The other day I was out walking with the kids and a friend’s dog along a residential street in our neighbourhood. The kids were ahead of me: the boy bouncing a tennis ball in the way that boys bounce things, and the girl holding on to the leash of the dog.
It was quiet, a holiday in Canada, the streets were empty of noise and people, and the odd rain drop was falling from the sky.
As we strolled, I suddenly heard a deep, repetitive beeping sound:
I panicked momentarily. My hands felt along my pockets of my rain jacket, and my eyes darted around me.
Did I bring my wallet? Or my bag?
I didn’t. My phone was in my left pocket, but my right pocket was empty save for a couple of dog biscuits, and some tissues.
In my head I did a quick calculation. The last time I heard this sound I had about 10, maybe 15 minutes before the battery in my left hearing aid died. How far away were we from my friend’s house? How long would it take to drop the dog off, have a quick chat, and then continue home with the kids?
The two deep beeping sounds were my alerts that the battery was about to die on me.
This is always a thing, for a hearing aid wearer. If I go out, I must remember to bring extra batteries along. Especially if I go someplace where there are people who will inevitably communicate with me.
But here’s my question: why do I panic? Even if it’s a short-lived kind of panic, for a few seconds after I hear that double beep, I feel my heart rate increase a bit, and I suck my breath in.
The prospect of being caught ‘deaf’ without a functioning aid still scares me, even after fourty plus years of experiencing varying degrees of hearing loss.
Why is that? What would be so terrible if I was without hearing in front of my friends, my kids?
We ended up at the friend’s house, had a few minutes chat, said goodbye to Molly and then continued on home. About five minutes later, with both kids walking ahead of me, I heard the familiar jingle:
Ding dang dong dooooooop.
That was it. The battery was dead.
And I suddenly went from hearing footsteps to hearing nothing.
Silence, as I mentioned in a previous post, is a welcome luxury for me when I can control it. When I can choose it, on purpose. When I can prepare for it on my own terms.
Unforeseen, unexpected silence, when I am not prepared for it, or when I didn’t purposely choose it, is an unwelcome, anxiety-producing event I try hard to prevent.
Pondering this brings me back to a situation engraved in my brain, and quite possibly the reason for my panic-filled reaction to the jingle:
Many years ago when I was in early pregnancy with my first, I was working part time as a merchandiser at a local Home Depot. I was not employed by Home Depot and didn’t wear their uniform, that orange coloured apron customers seek out when they need assistance. But I was working alongside the staff there, in the seasonal department, arranging plants and flowers into their display cases.
If a customer approached me with a question I couldn’t answer, I directed them to the HD staff. Most of the time, customers didn’t approach me as I did not have the apron on. They didn’t know who I was even though it was clear I was working there.
This suited me fine.
But one time, an older man did approach me.
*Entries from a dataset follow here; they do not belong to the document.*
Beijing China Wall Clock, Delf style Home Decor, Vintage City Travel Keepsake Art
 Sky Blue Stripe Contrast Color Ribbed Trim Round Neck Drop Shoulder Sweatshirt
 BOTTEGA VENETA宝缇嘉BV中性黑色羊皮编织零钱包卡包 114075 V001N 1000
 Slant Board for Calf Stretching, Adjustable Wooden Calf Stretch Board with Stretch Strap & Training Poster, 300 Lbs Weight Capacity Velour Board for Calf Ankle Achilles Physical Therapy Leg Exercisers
I remember distinctly what happened, as if it happened yesterday (and yet that was thirteen years ago…)
I don’t remember if I had one or two hearing aids at the time. At one time, my right ear had some hearing in it, but after I lost it all, no aid was able to compensate. I did struggle with hearing quite a bit even back then, and always worried about hearing people in the work environment. But it’s one thing to tell a colleague that you have a hearing loss, since you are likely to work with them repeatedly. To mention your dis-ability to some random customer feels odd, weird, to me.
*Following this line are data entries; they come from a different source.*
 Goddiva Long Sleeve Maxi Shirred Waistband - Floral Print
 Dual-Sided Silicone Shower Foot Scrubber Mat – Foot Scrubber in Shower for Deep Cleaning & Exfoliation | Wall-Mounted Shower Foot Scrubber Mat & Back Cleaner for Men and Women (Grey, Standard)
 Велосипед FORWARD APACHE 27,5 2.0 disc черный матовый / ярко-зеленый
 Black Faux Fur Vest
The customer, an older man, must have talked to me for a while despite the fact that I never made eye contact with him. I was hunched over, moving plants into their colour coordinated display cases, when suddenly he tapped me on my shoulder and started yelling at me.
“You are so rude, I’ve been asking you questions and you just ignore me, walk away!” he yelled.
“I’m sorry, sir”, I remember saying. “I’m not a Home Depot employee, there’s one over there who can assist you.”
This response in itself stumped me, too. Why would I say that first? Why would I not acknowledge the fact that I did not hear him?
Why is this shameful to me?
I don’t remember exactly how far I went explaining myself to the guy, but I was in a business environment and had ample customer service experience in a variety of settings prior to that merchandising job, so I do know I maintained a professional attitude. The customer was upset, and I get why, but my eventual answer that “sorry, I didn’t hear you” clearly didn’t satisfy him.
I get that too.
It’s a slippery slope, isn’t it. How much did I owe a customer who by now is irate that his needs weren’t met? A better question might be, how much do I owe myself in a situation like this?
While walking home with my kids in complete silence the day the hearing aid battery died unexpectedly, I thought back to that incident. I wondered if that was the moment that defined why I felt panic and anxiety at the sound of the battery dying jingle.
I contemplated about this perception of being ‘caught’ without extra batteries, how it was making me feel inadequate in some way. Or apologetic in some way, embarrassed.
Seems until I understand the answers to these questions myself, it is mighty presumptuous of me to expect others, hearing-people around me to understand.